The bridge stops at the lemma on purpose; for the full entry, hand that lemma to the LSJ backend:
import aegean
from aegean.scripts.linearb import greek_reading
aegean.greek.use_lsj() # opt-in; fetches a ~15 MB index to the cache on first use
lemma, _ = greek_reading("PO-ME") # 'ποιμήν'
aegean.greek.gloss(lemma)
# 'ποιμήν: herdsman, whether of sheep or oxen, Od. 10.82-5, al.; opp. lord or owner (a)/nac), 4.87.'
lemma2, _ = greek_reading("WA-NA-KA") # 'ἄναξ'
aegean.greek.gloss(lemma2)
# 'ἄναξ: …—lord, master, …'The LSJ source carries some untransliterated beta-code, so a glyph occasionally surfaces raw — here
(a)/nac) is the beta-code for (ἄναξ).
The most complete edition of the Mycenaean corpus is DAMOS (the Database of Mycenaean at Oslo, F. Aurora), published under CC BY-NC-SA 4.0. pyaegean hosts the DAMOS transliterations and core metadata as a fetched-on-demand release asset, so the whole corpus is one call away:
import aegean
corpus = aegean.load("damos") # fetches ~3 MB to the cache on first use, then offline
len(corpus.documents) # 5932 — Knossos, Pylos, Thebes, Mycenae, Tiryns, vases…
doc = corpus.documents[0]
doc.id # 'KN Fp(1) 1 + 31 (138)'
doc.meta.site # 'Knossos'
doc.meta.support # 'tablet'
doc.meta.scribe # '138'
doc.meta.findspot # 'KN, A'
doc.meta.period # 'LM IIIA2 or LM IIIB'
print(doc.transcription) # the DAMOS transliteration, verbatim:
# .1 de-u-ki-jo-jo 'me-no'
# .2 di-ka-ta-jo / di-we OLE S 1
# .3 da-da-re-jo-de OLE S 2
# …Each tablet is one Document. The transliteration is tokenised into words / numerals / logograms
(using the DAMOS comma-and-slash word dividers and peeling supraliteral 'me-no' quotes), and the
verbatim text is kept in Document.transcription. The DAMOS-curated context rides along in the
metadata, which is what makes scribe- and site-level work one-liners:
meta field |
Example | Coverage |
|---|---|---|
site |
"Knossos" |
every document |
support (object class) |
"tablet", "stirrup jar", "label", "nodule, sealed"
|
every document |
scribe (scribal hand) |
"117", "138"
|
3,945 of 5,932 documents |
findspot (find context) |
"KN, A", "PY, Room 8"
|
where DAMOS records one |
period (chronology) |
"LM IIIA2 or LM IIIB" |
where DAMOS records one |
The sites, busiest first (real counts):
| Site | Tablets |
|---|---|
| Knossos | 4,224 |
| Pylos | 1,004 |
| Thebes | 363 |
| Mycenae | 87 |
| Tiryns | 27 |
| (plus inscribed vases: Thebes, Khania, Tiryns, Mycenae…) |
The whole thing is browsable from the shell too — aegean treats damos like any fetched corpus:
aegean info damos # size, provenance, license, citation
aegean stats damos --top 8 # most frequent words
# damos: top 8 words
# ┌──────────┬───────┐
# │ item │ count │
# ├──────────┼───────┤
# │ pa-ro │ 230 │
# │ ko-wo │ 188 │
# │ pe-mo │ 173 │
# │ o-na-to │ 154 │
# │ e-ke │ 143 │
# └──────────┴───────┘
aegean search damos "po-*" # words matching a wildcard sign pattern (po-me ×8, po-si ×5, …)

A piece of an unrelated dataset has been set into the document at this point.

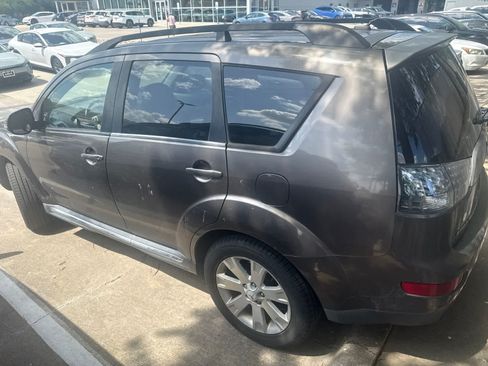 Used 2010 Mitsubishi Outlander SE FWD image 4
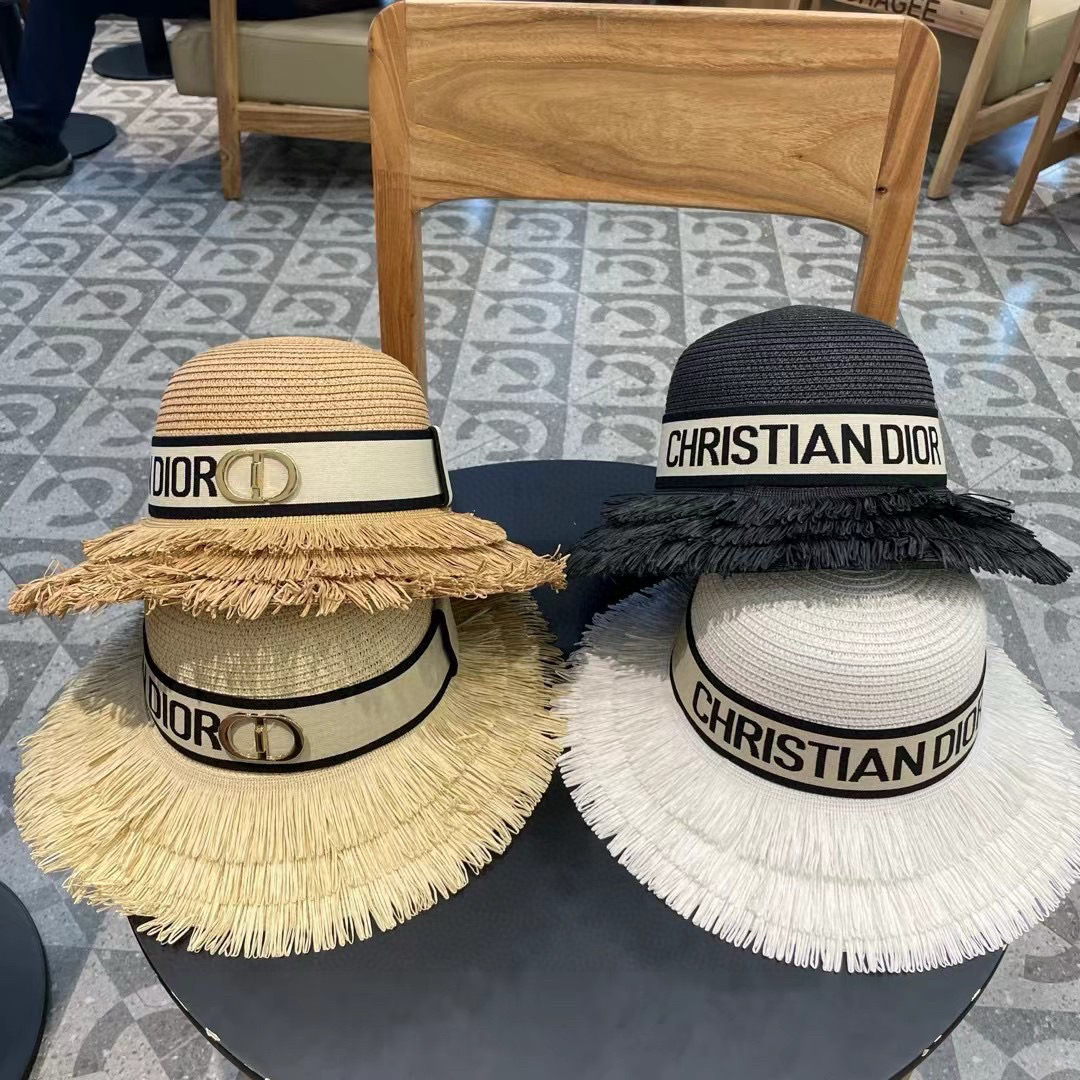    【DIOR迪奥】的新款草编遮阳草帽大沿帽🤩沙滩风，简约大方，百搭单品～出街首选，新款帽型超美腻，新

aegean dispersion damos ku-ta-to # how concentrated a place-name is (Gries' DP)corpus.filter(...) returns a new Corpus of the matching documents — chainable with every
analysis function:
corpus = aegean.load("damos")
corpus.filter(scribe="117") # the most prolific Knossos hand: 684 tablets
corpus.filter(support="stirrup jar") # the painted-vase inscriptions: 196 documents
corpus.filter(site="Pylos") # 1,004 Pylos tabletsThe aegean.analysis.scribal layer profiles every hand and finds what is characteristic of each
one. scribal_hands returns one HandProfile per hand (busiest first); hand_keyness runs the
standard log-likelihood keyness of one hand against all the others.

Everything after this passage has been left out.